ACTION ITEM:
Where a line of the following data contains the string "Pink", include it in the tally. Report the total alone.

[[ DATA FOR THE TASK, beginning ]]

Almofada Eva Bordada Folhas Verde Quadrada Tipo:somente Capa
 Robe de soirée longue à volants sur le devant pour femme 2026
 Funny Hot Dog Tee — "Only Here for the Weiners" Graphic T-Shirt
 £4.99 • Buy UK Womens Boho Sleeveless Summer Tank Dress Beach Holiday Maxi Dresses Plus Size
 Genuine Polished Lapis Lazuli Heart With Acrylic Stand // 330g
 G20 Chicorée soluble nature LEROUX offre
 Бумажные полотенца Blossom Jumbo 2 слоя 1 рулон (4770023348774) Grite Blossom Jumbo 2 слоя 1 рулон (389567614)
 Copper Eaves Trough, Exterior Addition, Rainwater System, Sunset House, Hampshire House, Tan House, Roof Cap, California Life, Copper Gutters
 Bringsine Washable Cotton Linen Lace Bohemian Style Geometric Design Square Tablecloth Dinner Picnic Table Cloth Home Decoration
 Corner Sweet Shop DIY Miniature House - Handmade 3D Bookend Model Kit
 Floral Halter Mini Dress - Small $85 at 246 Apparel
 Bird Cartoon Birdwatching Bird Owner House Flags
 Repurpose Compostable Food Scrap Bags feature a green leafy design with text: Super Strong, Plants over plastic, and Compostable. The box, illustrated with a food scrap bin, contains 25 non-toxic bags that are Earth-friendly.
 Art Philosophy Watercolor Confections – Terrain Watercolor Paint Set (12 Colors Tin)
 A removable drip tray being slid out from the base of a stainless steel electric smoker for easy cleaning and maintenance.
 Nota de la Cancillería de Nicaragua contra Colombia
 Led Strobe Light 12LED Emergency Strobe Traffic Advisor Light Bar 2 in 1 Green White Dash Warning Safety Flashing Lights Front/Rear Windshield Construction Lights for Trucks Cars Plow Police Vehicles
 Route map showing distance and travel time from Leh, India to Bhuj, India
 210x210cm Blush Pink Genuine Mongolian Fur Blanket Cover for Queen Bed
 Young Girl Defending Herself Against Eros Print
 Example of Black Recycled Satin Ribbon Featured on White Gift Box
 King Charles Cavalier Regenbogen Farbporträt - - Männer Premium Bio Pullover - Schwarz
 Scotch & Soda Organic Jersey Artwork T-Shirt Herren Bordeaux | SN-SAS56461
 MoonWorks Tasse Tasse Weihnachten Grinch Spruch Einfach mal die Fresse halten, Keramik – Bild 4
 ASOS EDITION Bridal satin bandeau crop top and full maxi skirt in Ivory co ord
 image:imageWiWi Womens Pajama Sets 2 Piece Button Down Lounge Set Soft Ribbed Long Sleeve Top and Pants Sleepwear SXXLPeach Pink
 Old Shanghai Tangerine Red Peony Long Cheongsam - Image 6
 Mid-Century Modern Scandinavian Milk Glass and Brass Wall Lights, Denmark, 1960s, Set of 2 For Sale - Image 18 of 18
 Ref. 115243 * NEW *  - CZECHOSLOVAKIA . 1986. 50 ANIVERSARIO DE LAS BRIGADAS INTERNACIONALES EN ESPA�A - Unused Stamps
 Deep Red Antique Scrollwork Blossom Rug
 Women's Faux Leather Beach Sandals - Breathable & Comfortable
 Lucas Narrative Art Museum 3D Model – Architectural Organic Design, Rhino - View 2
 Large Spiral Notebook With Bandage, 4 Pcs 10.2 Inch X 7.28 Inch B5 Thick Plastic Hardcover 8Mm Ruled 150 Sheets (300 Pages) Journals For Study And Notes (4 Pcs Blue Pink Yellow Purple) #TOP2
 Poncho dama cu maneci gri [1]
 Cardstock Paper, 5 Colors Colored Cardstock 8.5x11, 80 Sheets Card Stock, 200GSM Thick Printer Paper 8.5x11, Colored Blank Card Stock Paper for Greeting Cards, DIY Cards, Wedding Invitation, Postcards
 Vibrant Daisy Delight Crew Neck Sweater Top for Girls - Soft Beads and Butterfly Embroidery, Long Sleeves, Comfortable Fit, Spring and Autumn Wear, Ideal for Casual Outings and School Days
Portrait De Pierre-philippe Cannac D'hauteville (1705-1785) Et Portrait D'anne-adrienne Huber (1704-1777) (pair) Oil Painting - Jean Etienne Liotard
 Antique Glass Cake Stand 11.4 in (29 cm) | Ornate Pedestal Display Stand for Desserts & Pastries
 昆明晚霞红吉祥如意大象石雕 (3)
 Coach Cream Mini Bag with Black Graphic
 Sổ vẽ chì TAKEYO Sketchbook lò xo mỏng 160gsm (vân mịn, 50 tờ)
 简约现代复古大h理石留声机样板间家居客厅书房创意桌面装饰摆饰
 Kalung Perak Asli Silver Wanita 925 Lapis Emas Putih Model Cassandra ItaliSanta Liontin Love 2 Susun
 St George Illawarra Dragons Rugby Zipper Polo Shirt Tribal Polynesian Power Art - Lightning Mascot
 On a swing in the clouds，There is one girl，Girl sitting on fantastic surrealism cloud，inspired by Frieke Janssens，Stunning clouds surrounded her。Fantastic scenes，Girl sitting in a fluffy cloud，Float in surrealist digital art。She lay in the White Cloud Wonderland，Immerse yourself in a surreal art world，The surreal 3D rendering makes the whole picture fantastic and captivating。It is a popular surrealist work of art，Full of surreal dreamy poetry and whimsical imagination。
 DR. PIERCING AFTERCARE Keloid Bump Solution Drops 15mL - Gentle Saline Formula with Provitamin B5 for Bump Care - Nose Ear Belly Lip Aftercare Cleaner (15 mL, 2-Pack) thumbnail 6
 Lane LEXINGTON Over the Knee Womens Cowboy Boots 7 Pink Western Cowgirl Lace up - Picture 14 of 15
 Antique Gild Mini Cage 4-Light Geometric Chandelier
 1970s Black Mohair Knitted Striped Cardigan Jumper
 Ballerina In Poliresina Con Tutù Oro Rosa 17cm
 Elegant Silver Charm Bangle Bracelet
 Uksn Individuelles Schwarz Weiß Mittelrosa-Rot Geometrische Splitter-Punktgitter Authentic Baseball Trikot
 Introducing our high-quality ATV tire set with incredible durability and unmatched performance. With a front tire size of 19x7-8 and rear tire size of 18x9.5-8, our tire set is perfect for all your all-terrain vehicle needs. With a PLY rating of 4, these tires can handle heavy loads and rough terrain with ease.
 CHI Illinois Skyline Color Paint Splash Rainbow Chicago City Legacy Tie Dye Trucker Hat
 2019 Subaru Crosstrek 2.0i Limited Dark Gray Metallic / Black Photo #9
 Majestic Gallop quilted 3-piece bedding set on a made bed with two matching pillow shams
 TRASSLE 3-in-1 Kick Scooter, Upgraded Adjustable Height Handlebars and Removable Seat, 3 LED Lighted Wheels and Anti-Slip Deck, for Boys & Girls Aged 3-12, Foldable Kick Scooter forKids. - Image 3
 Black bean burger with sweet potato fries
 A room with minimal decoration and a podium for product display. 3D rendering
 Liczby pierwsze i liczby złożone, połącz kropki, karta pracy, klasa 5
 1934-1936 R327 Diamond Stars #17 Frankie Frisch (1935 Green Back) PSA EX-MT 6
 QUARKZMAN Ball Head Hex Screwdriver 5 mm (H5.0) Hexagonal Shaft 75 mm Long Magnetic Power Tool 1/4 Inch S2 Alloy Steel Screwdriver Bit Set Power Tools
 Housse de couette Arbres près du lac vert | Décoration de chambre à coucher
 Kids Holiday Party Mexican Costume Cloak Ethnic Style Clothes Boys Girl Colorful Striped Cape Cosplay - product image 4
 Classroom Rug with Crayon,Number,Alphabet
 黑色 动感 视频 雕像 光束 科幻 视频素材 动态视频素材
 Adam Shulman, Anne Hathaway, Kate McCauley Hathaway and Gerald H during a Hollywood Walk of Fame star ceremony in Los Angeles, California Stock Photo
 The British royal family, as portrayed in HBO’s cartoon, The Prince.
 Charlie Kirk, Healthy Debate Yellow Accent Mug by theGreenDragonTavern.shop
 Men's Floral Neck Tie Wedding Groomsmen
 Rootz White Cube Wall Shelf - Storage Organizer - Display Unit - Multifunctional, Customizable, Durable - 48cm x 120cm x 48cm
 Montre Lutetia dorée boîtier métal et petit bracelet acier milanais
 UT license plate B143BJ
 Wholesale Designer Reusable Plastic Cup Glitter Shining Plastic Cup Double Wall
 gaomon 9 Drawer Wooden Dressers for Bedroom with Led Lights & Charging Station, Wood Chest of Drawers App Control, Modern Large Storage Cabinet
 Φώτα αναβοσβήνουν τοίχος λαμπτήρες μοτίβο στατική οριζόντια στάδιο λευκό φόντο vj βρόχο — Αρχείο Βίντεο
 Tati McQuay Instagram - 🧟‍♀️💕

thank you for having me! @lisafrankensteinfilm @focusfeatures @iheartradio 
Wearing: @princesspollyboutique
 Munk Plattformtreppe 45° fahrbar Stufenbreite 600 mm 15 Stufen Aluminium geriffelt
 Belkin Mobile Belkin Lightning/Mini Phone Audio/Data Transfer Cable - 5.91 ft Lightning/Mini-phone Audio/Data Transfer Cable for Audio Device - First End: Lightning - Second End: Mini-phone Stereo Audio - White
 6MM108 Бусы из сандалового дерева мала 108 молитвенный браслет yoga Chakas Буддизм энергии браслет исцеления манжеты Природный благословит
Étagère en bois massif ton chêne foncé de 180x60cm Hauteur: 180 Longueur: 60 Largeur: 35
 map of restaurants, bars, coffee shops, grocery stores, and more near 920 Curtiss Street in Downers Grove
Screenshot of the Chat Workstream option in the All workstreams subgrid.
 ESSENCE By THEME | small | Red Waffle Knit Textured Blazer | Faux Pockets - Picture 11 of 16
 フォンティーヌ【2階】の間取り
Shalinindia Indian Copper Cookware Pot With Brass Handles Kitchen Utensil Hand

[[ DATA FOR THE TASK, end ]]

OUTPUT BELOW:
4